Monday, July 22, 2013

I Enjoyed Being a Girl -4


Far From the Hovering Crowd
Interpersonal Relationships

Girls had many girlfriends, way back then.  There were friends from school, friends from club groups, friends from summer camp, part-time jobs and for some, friends from religious school.  Some intersected, others had to be kept in a delicate arm’s length balance from each other.  With half the population preserved for marriage but ineligible for friendship, girls had only each other to cling to for companionship.  Relationships with boys were described in hunting metaphors....there was 'the chase', you 'captured someone's attention', 'laid a trap', arrows were 'shot through the heart'...you threw out a line and 'reeled him in'...(sorry, that's more of a fishing analogy, but you get the idea).  

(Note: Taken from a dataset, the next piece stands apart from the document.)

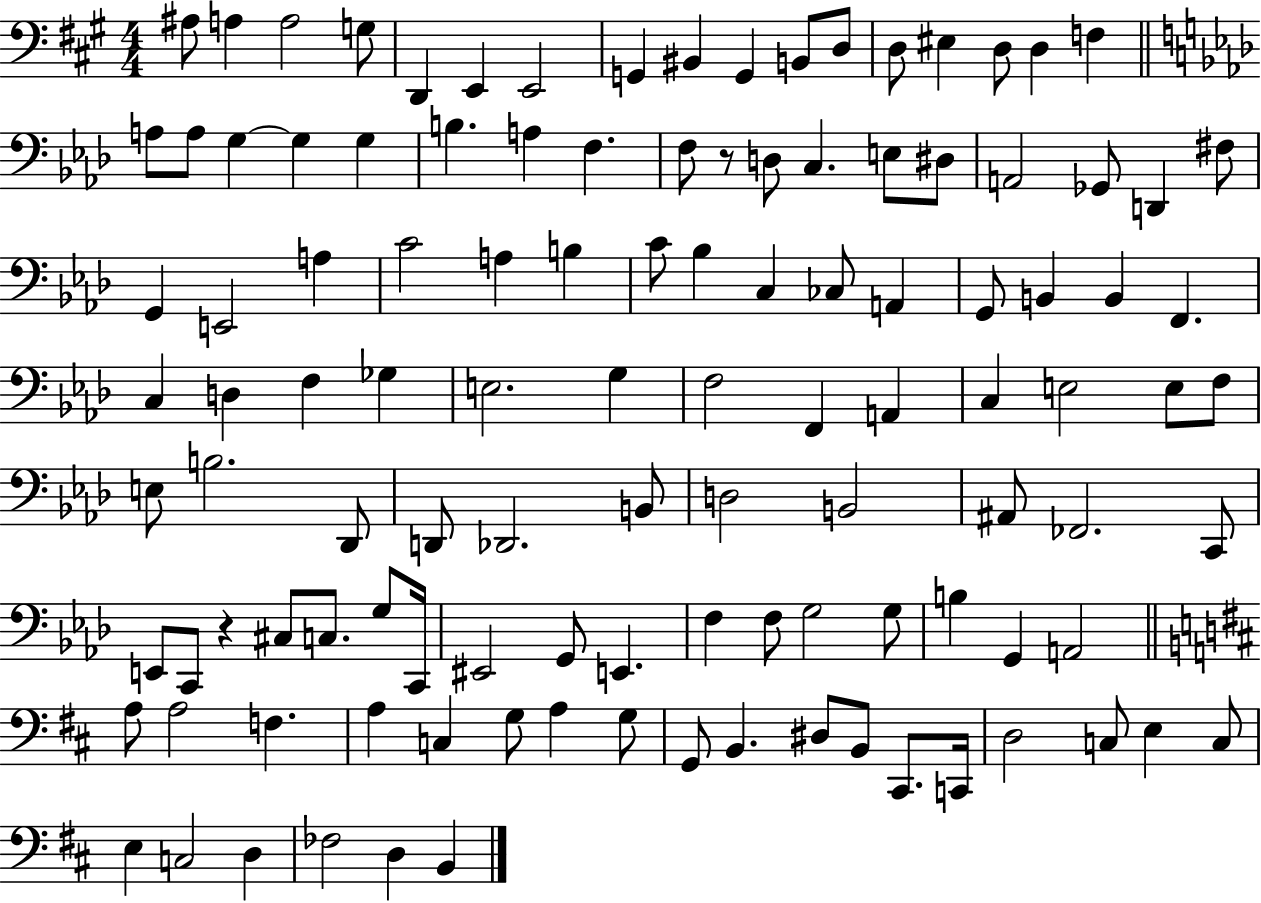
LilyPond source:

"A man chases a girl, until she catches him!" was a lyric to a popular song.  

When I was teaching English, the standard plot descriptions for literature, routinely dished out to the students, were...."Man vs. Man"...Man vs. Nature" ...and the ever-popular..."Man vs. Himself".  Had anyone ever considered "Man vs. Woman" things could have been a lot more interesting!  

But, except for Jane Austen, there weren't many plots about girls.

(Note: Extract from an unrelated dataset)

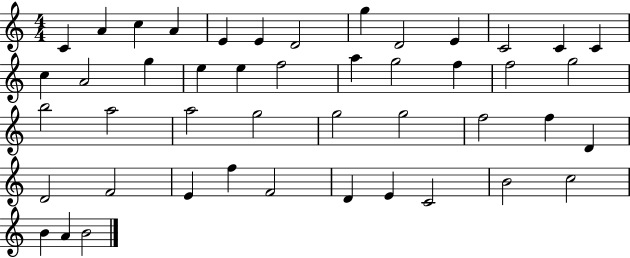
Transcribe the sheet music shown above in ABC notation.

Besides peer relationships, there were the relatives.  With some exceptions (there are always exceptions) many of us were blessed with huge extended families: aunties and uncles, cousins and, of course, doting grandparents, all focused on each other, celebrating triumphs and, even better, breakdowns, on the path that was their little lives.  

We felt part of a hovering crowd. There was a lot riding on us.  In the days before iPads and Reality TV, our triumphs and failtures were often the main source of entertainment for these people.

Now, not so much. Many families disintegrated in the wave of no-fault divorces that washed over us after the 'me generation' 70's, with parents turning their attentions to their own 'needs', leaving their kids to fend for themselves, emotionally.  Other families became more widely scattered, too busy to involve themselves with relatives, except at public celebrations, like weddings and funerals.  They even openly admitted that they didn’t always like, let alone love, each other, no matter what.  Way back when I was a girl (should I be stroking my beard at this point?) the only way to express intolerance of one’s kin was strictly behind their backs, in a whisper. …to another member of the clan, who might concur, but only in private.  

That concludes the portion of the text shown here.